The default ATtiny85 PWM frequency is in audible range (490hz) and electromagnets create some annoying electrical noise. I increased the frequency to 32khz with the following instructions:

I also used "theoretically" correct algorithm for rotating the magnetic field (with cosine and sine for X and Y components). Compared to fading, this makes the code simpler and might increase some stability.

However, there are some still some issues left to solve:

Heating. These electromagnets use a quite a bit of power and SN754410 quickly overheats. It doesn't fry but it shuts itself down after a while. Issue solved with a DIP heat sink.

The electromagnets get pretty hot as well. I mounted them on top of a aluminium GPU heat sink but they still get very hot (60-70C). As a result, my liquid in one liter erlenmeyer flask heats up to 31C on top of the plastic stirrer case. I might try some thin styrofoam inside the case but what I gain in heat isolation, I lose in magnetic field strength and stability.

Of course I could use a heating fan but that would be a bit pointless, wouldn't it? I could as well mount magnets on top the fan and use that. I won't give up on this: I accept no moving parts.

Stability. I can run it stable up to 800 RPM for 48 hours. In comparison, commercial lab stirrers can reach 1500 or even 2000 RPM. This lower speed is acceptable for my purposes though.

Some easy ideas for enhancement:

  • Very simple RC-filter to convert PWM to linear voltage for the magnets. Might increase magnetic field stability:
    Analog Output - Convert PWM to Voltage - Instructables
  • RPM display. This is would be very easy to implement. Unfortunately, I have no pins left at the Attiny85
  • Heat fuse just in case these cheap chinese parts overheat and melt down my plastic case when I'm not at home
  • Copper heat sink for better thermal conductivity and less magnetic field interference
  • Cheap hall sensor to detect if stir bar flies out the field and automatic recovery.

And mandatory picture:

I know I am kinda necromancing this thread, but I would like to share my experience with the topic:

First, I really like your design for the motorless stirrer. I have recently built one myself, but with slight modifications. I used a dual chanel half bridge to drive to pairs of electromagnets. I used microstepping by PWMing the enable pins on the H-bridge, so that each pair of coils would get a sine wave of current (phase shifted by 90 °). The RPMare adjusted via a potentiometer.
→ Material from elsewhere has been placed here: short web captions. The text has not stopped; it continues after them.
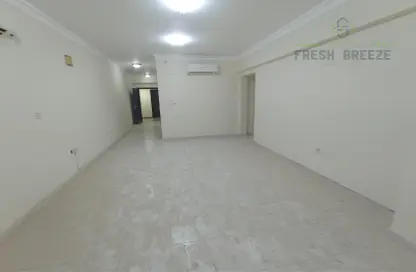 صورة لـ غرفة فارغة شقة - 2 غرف نوم - 2 حمامات للايجار في شارع نجمه - نجمة - الدوحة ، صورة رقم 1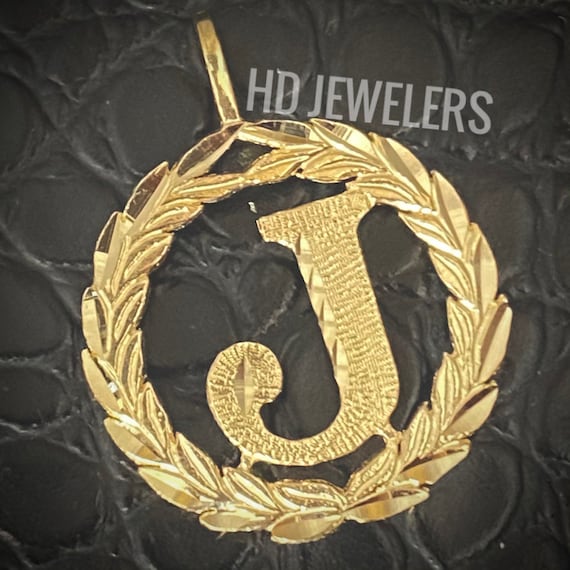 14k gold j pendant best sale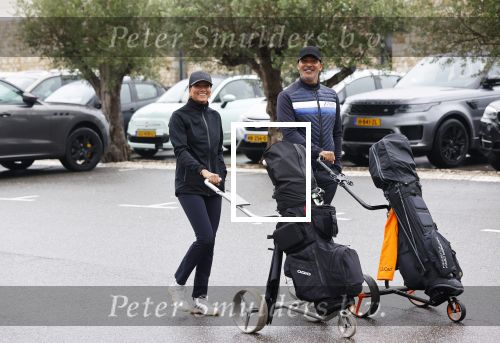 Badhoevedorp 3 september 2020
Golfwedstrijd Makelaars kantoor Bart ter Haar met oa Ruud Gullit , Karin de Rooij Martijn Krabbe en Winston Gerschtanowitz. Ze spelen op golfbaan de international.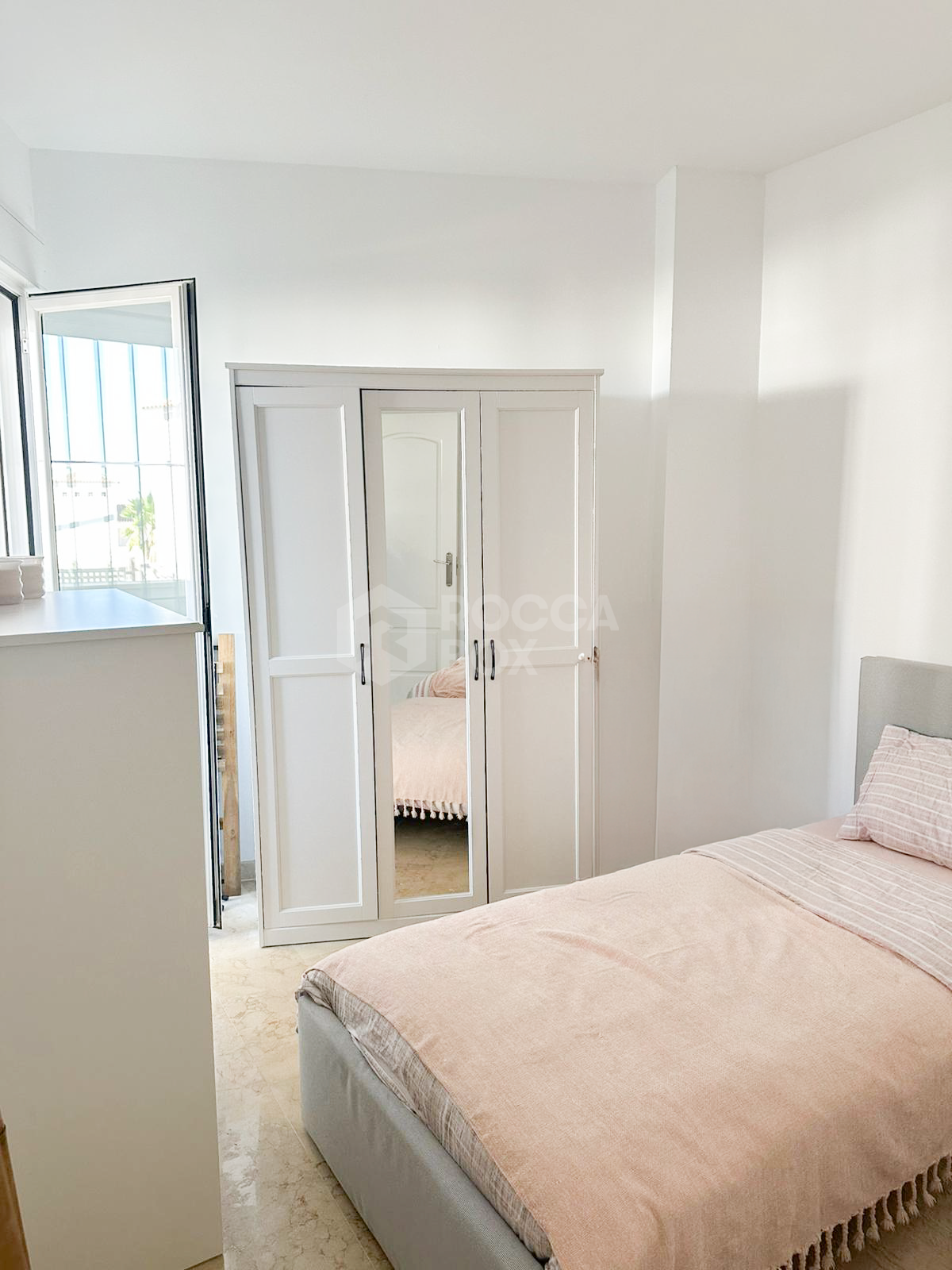 Exclusive Ground Floor Apartment in Small Oasis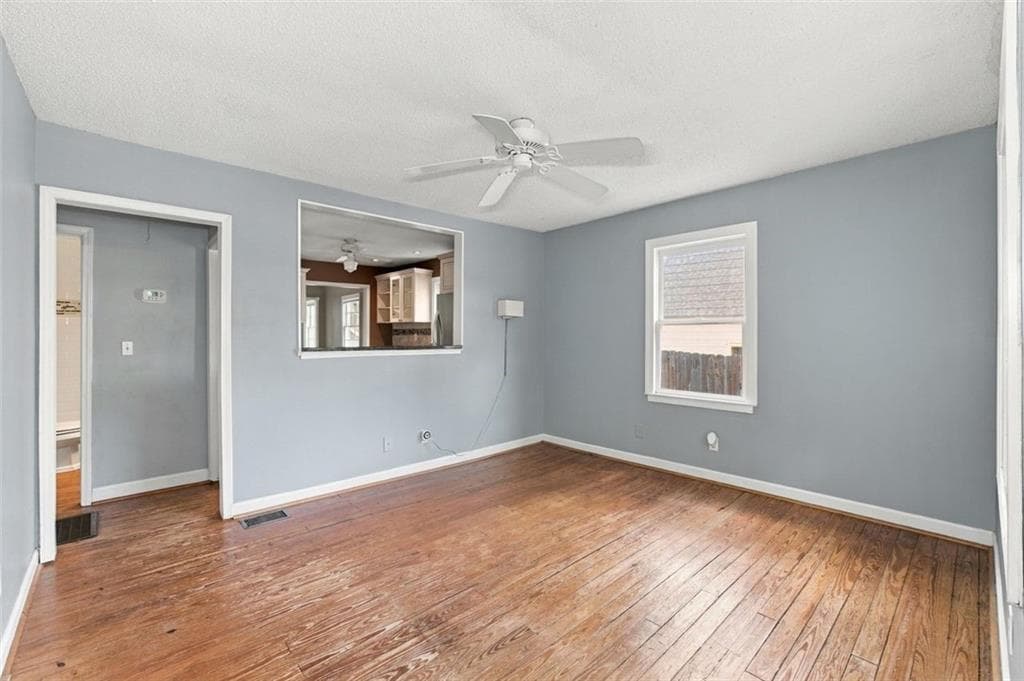 3 bedroom, 2 bathroom, 1,102 sq ft single family residence for sale at 2640 Apple Valley Road, Brookhaven, GA 30319 — photo 7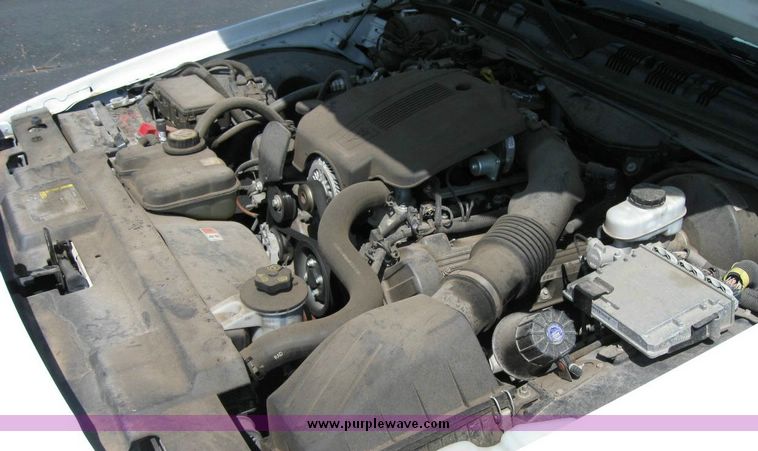 image for item 8178 2005 Ford Crown Victoria Police Interceptor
However, I had real trouble to reach a nice stable rotation of the stir bar. I found i extremely hard to adjust the RPM by turning a potentiometer ever so slightly, and at best I was able to reach 600 RPM. However, at most times I didnt manage to get a nice rotation at all and the bar would just jitter.

Have you experienced any difficulties of that sort? And if yes, would you be so kind to share your wisdom?